■ **Try it**
Repeat the following data exactly, omitting pictures.

■ **Dataset records**
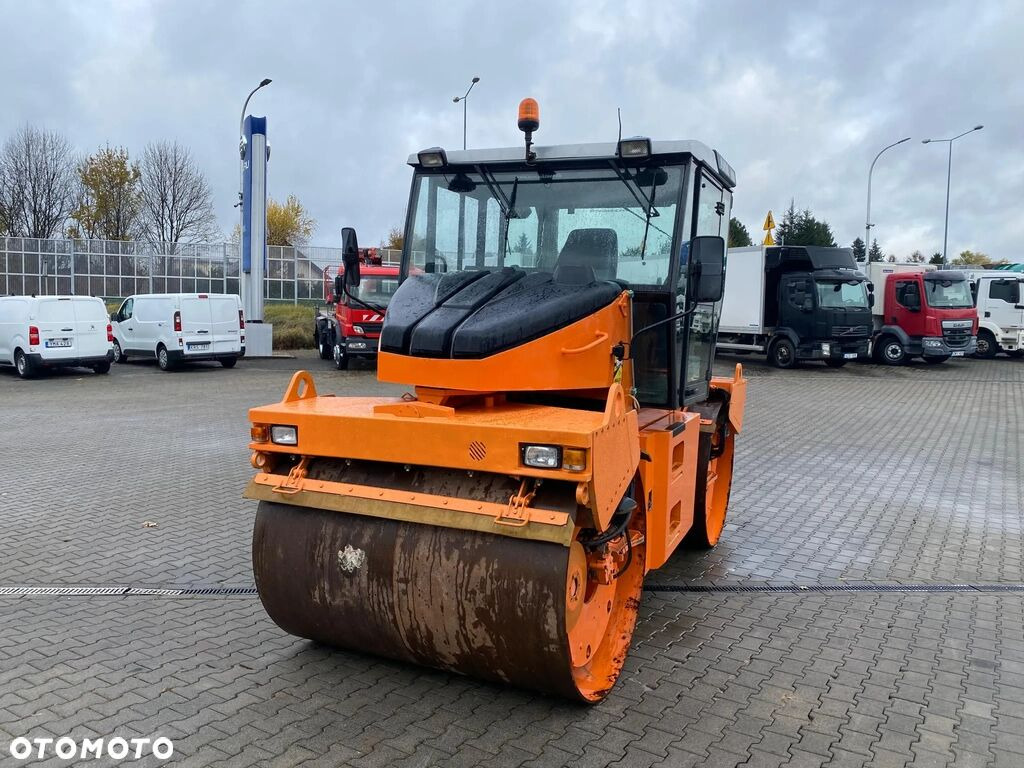 Ammann AV95-2 / Vibrations / 1 Owner / NEW Service Ammann AV95-2 / Vibrations / 1 Owner / NEW Service - مدحلة الأسفلت: صور 3 Ammann AV95-2 / Vibrations / 1 Owner / NEW Service Ammann AV95-2 / Vibrations / 1 Owner / NEW Service - مدحلة الأسفلت: صور 3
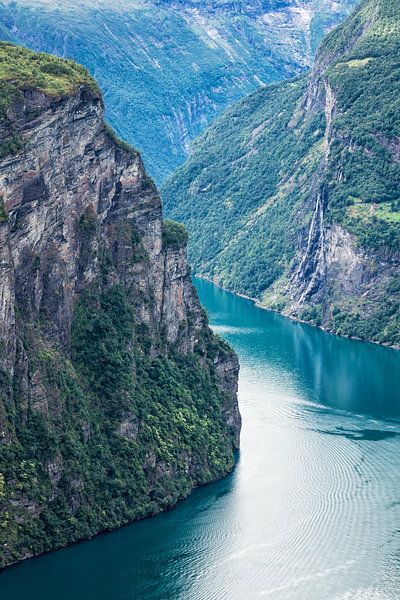 Geirangerfjord in Norwegen van Rico Ködder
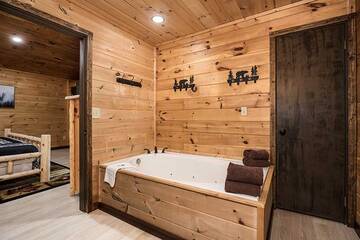 Second bedroom's jacuzzi tub. at Moonlight Obsession in Gatlinburg TN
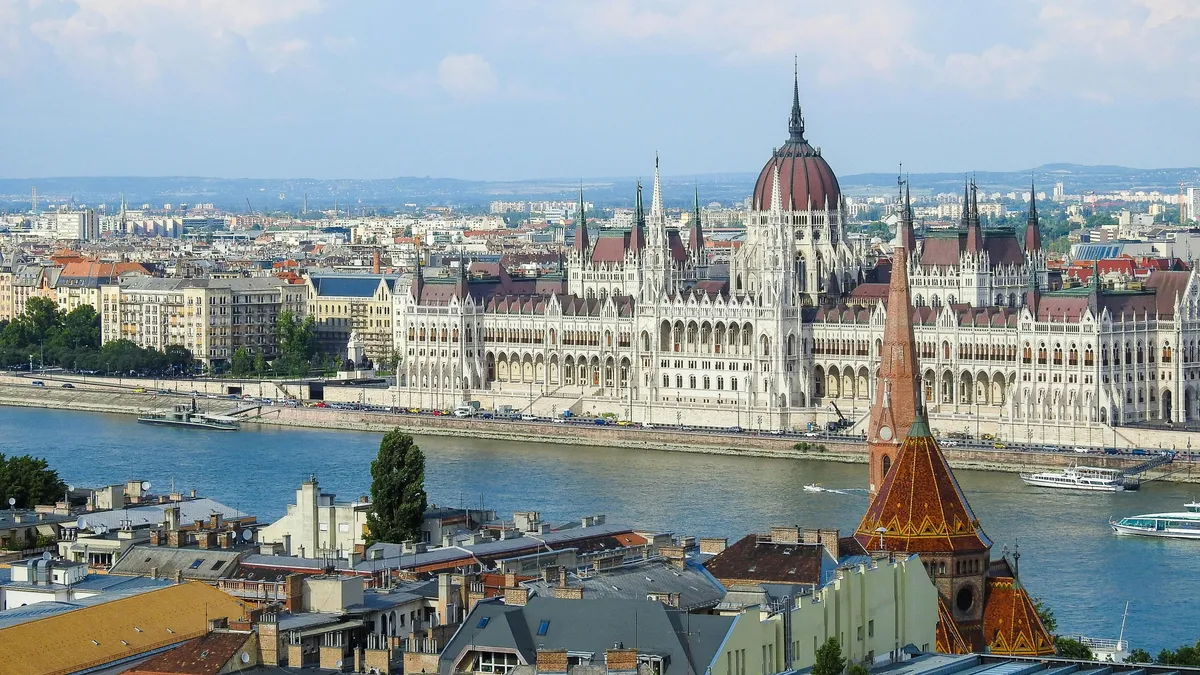 Dunai úszást rendeznek, amatőrök is nevezhetnek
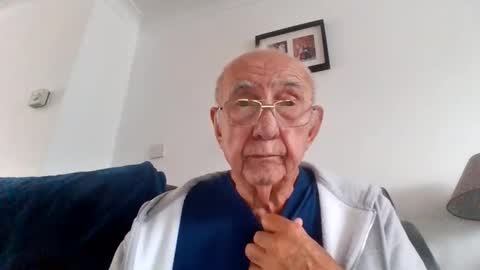 naturistmale81 online show from October 10, 11:53 am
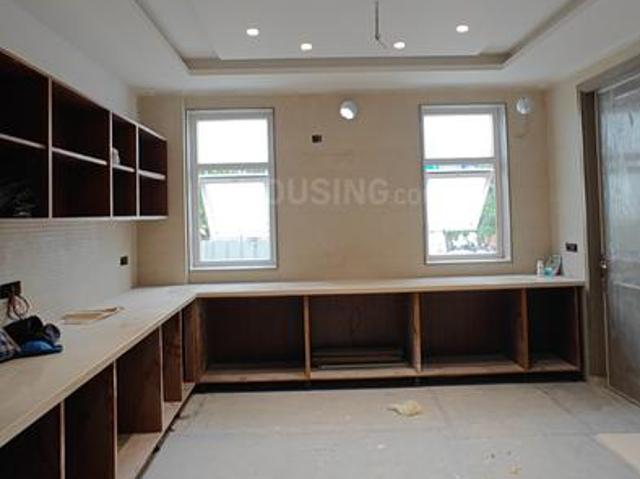 4 BHK Independent Builder Floor in Swasthya Vihar for resale New Delhi. The reference number is 20952295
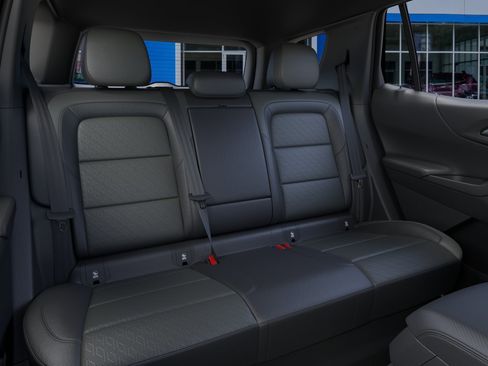 New 2026 Chevrolet Equinox LT w/ Convenience Package II AWD/4WD image 17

■ **Your response**
 Ammann AV95-2 / Vibrations / 1 Owner / NEW Service Ammann AV95-2 / Vibrations / 1 Owner / NEW Service - مدحلة الأسفلت: صور 3 Ammann AV95-2 / Vibrations / 1 Owner / NEW Service Ammann AV95-2 / Vibrations / 1 Owner / NEW Service - مدحلة الأسفلت: صور 3
 Geirangerfjord in Norwegen van Rico Ködder
 Second bedroom's jacuzzi tub. at Moonlight Obsession in Gatlinburg TN
 Dunai úszást rendeznek, amatőrök is nevezhetnek
 naturistmale81 online show from October 10, 11:53 am
 4 BHK Independent Builder Floor in Swasthya Vihar for resale New Delhi. The reference number is 20952295
 New 2026 Chevrolet Equinox LT w/ Convenience Package II AWD/4WD image 17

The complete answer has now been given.